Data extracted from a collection
• • • • • • •

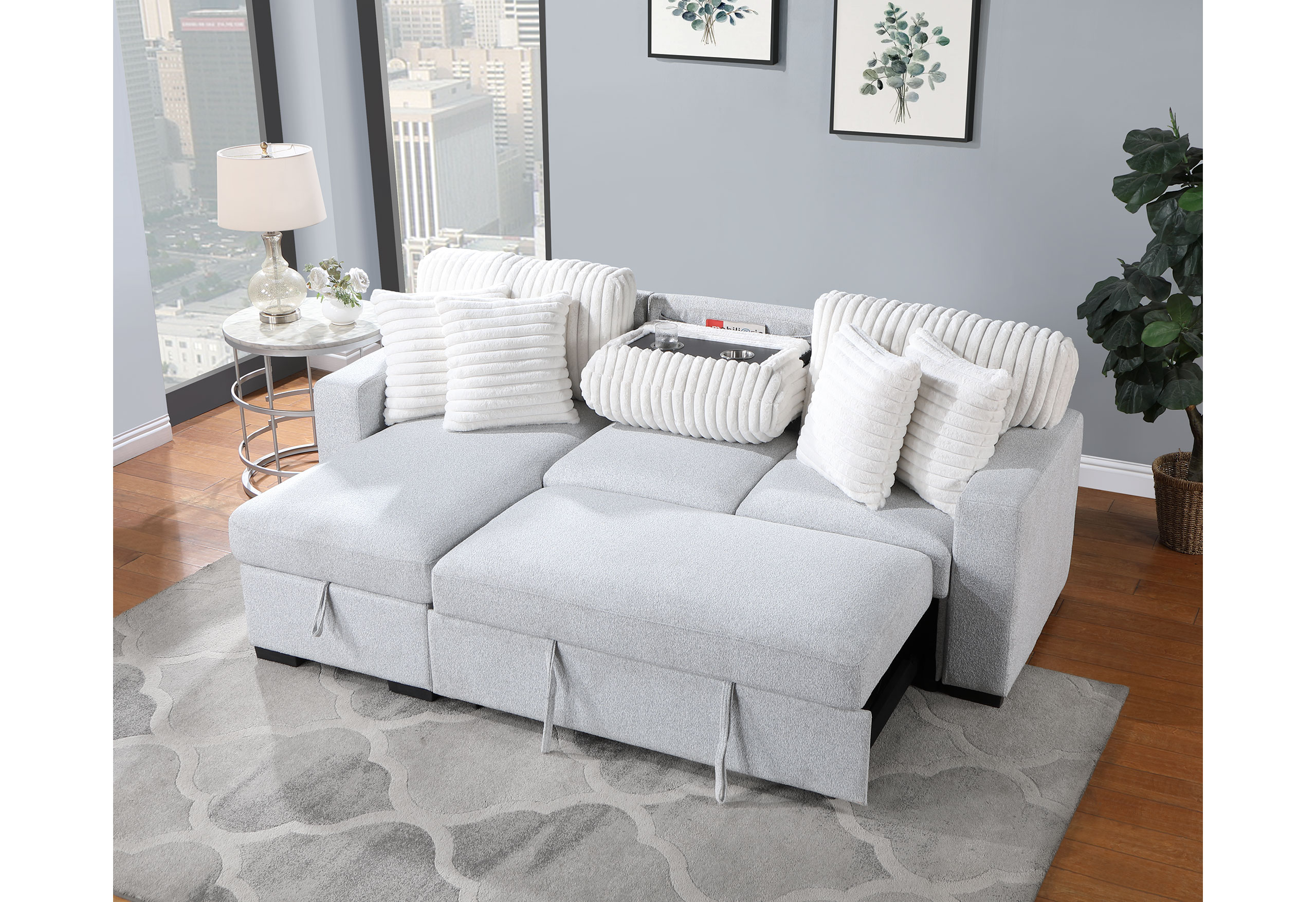 U0204 - Reversible Pullout Sofa Bed - Light Gray / White - Image 2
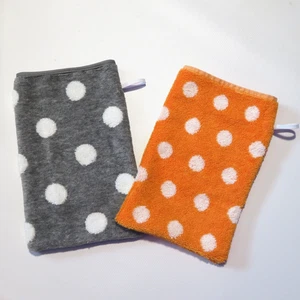 NEW- 2 orange / gray European style bath washcloth mitts, gift- HANDMADE in USA - Picture 1 of 3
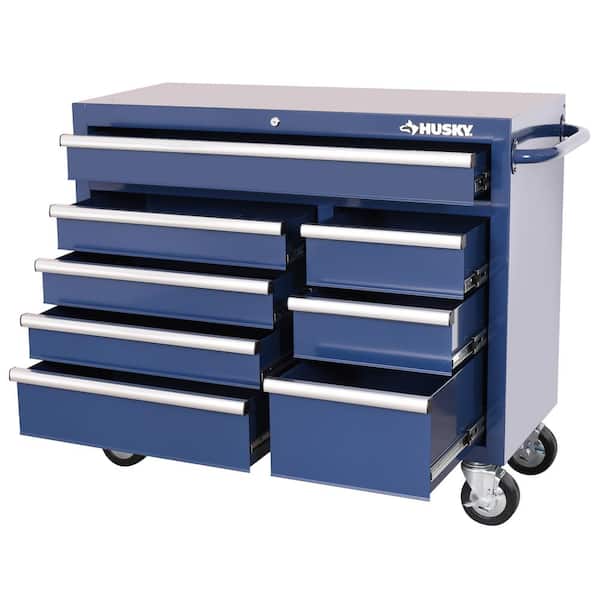 Husky Standard Duty 42 in. 8-Drawer Blue Rolling Tool Cabinet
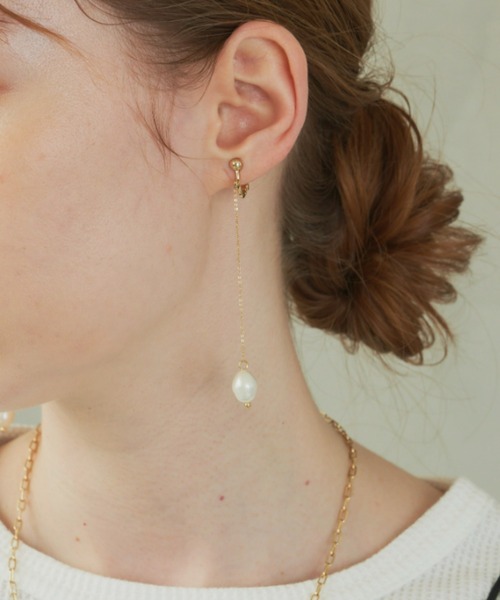 NikoNiko パール ロングピアス ロングパールピアス/イヤリング（ピアス（両耳用））｜hinari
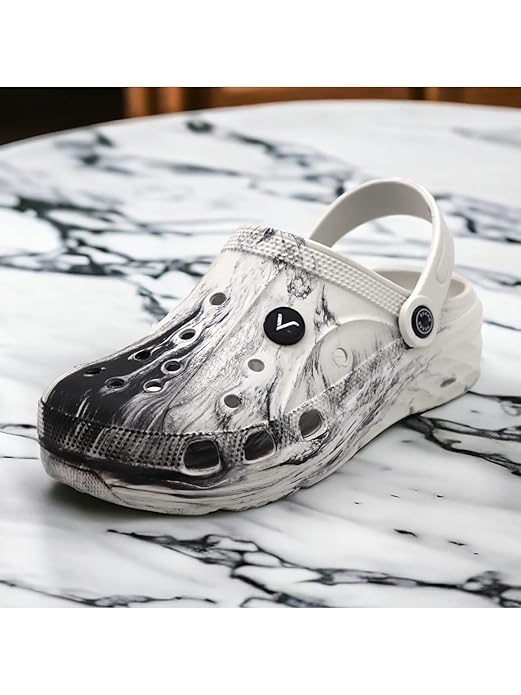 SVAAR Men's Marble Effect Classic Clogs || Sandals with Adjustable Back Strap for Men
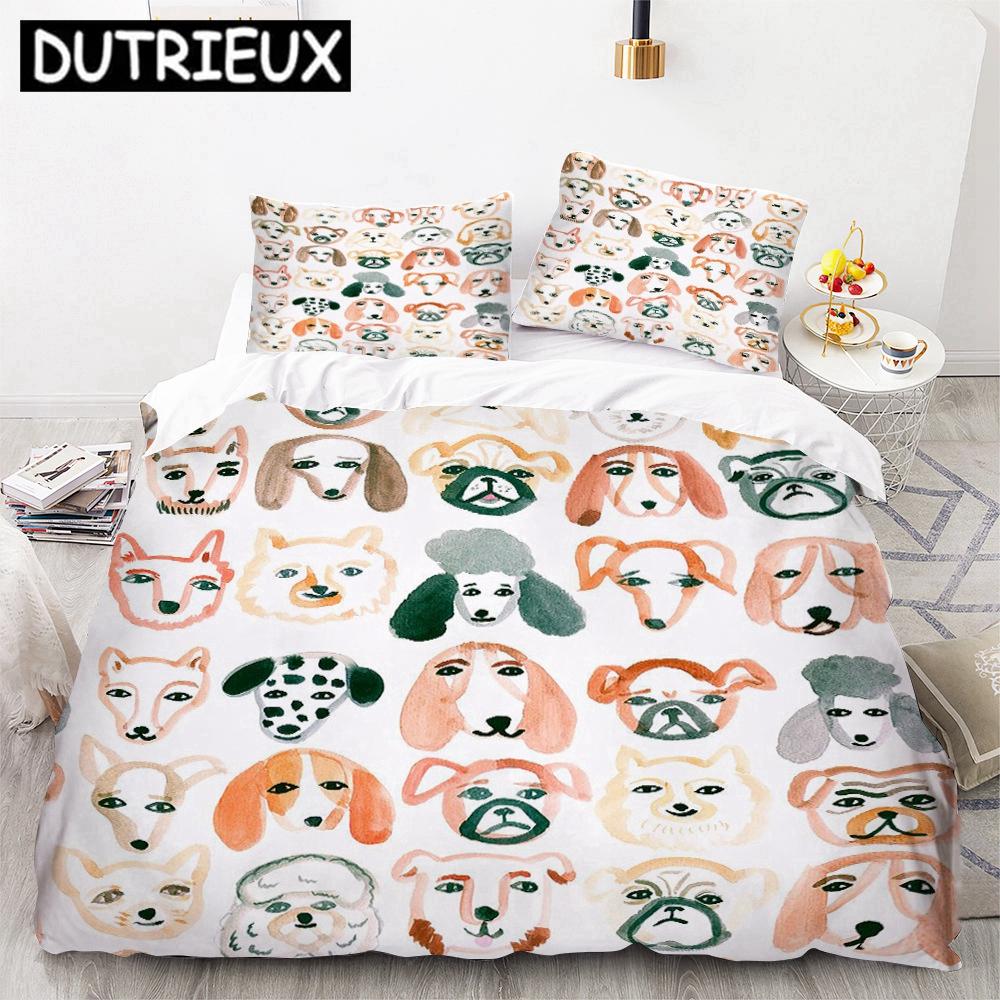 Cute Cartoon Dogs Animal 3D Duvet Cover Bedding Set Comforter Linen Pillowcases Quilt Cover Home Decor Single Double Twin Queen
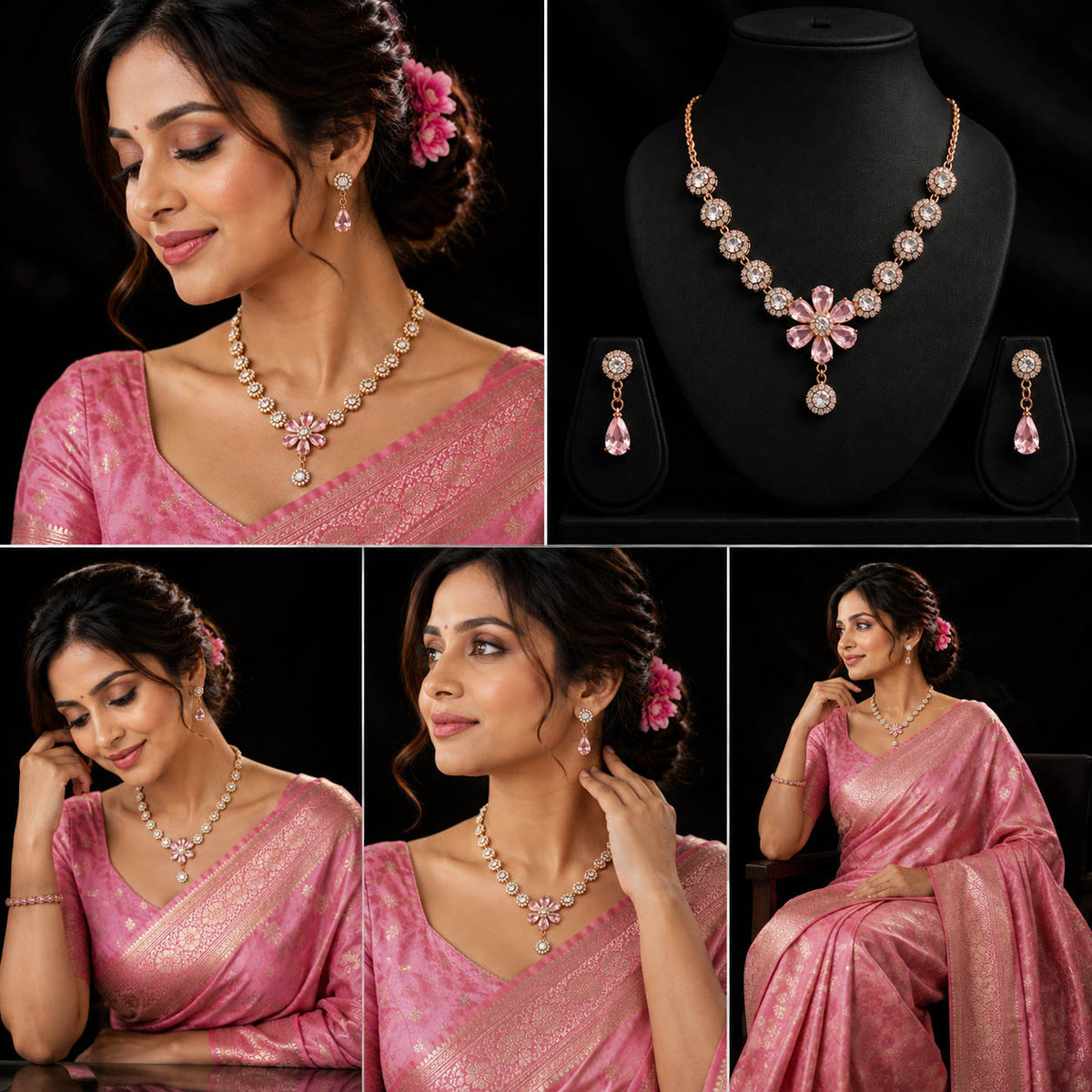 A four-panel collage showing a woman wearing and modeling a pink traditional sari alongside a matching pink and gold necklace and earring set. The top-right panel shows the jewelry displayed on a black mannequin bust against a black background.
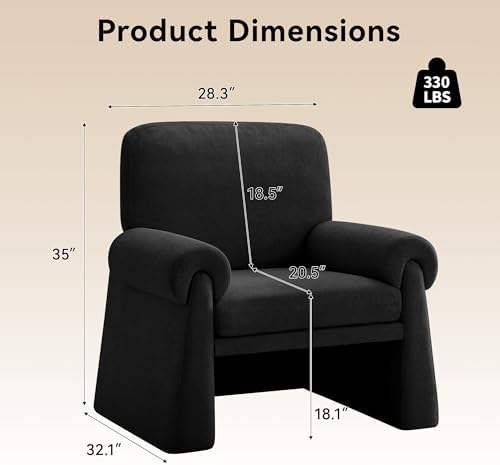 Oversized Accent Chair, Comfy Living Room Chairs, Single Sofa Chair with Thic...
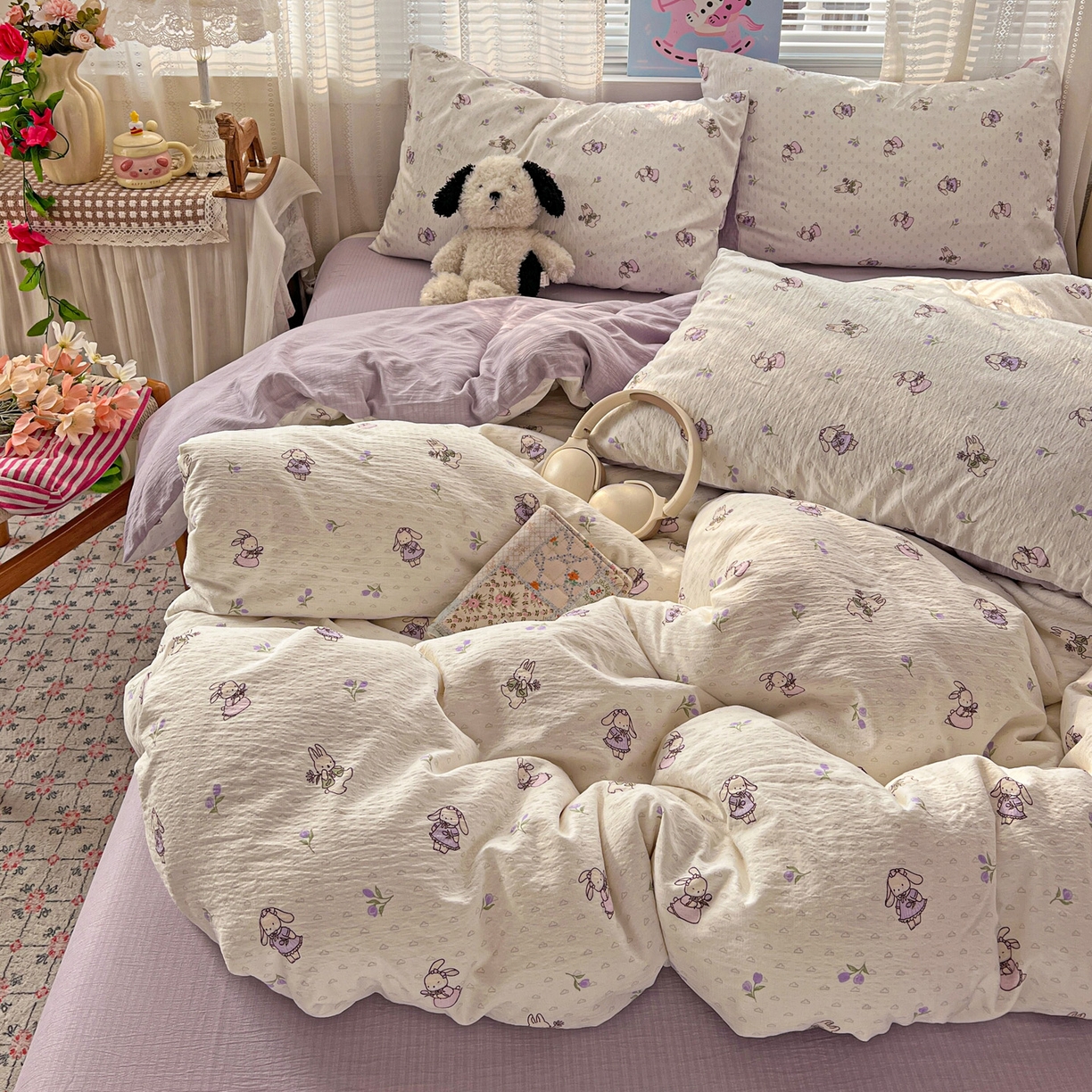 91家纺网 家纺一手货源 找家纺 水木坊 2026新款云感简单款系列四件套 裙子小兔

• • • • • • •

## What this task involves
Reproduce only the lines of the records from the start up to and including the line that holds "NikoNiko パール ロングピアス"; do not carry over any picture.

## Task response
 U0204 - Reversible Pullout Sofa Bed - Light Gray / White - Image 2
 NEW- 2 orange / gray European style bath washcloth mitts, gift- HANDMADE in USA - Picture 1 of 3
 Husky Standard Duty 42 in. 8-Drawer Blue Rolling Tool Cabinet
 NikoNiko パール ロングピアス ロングパールピアス/イヤリング（ピアス（両耳用））｜hinari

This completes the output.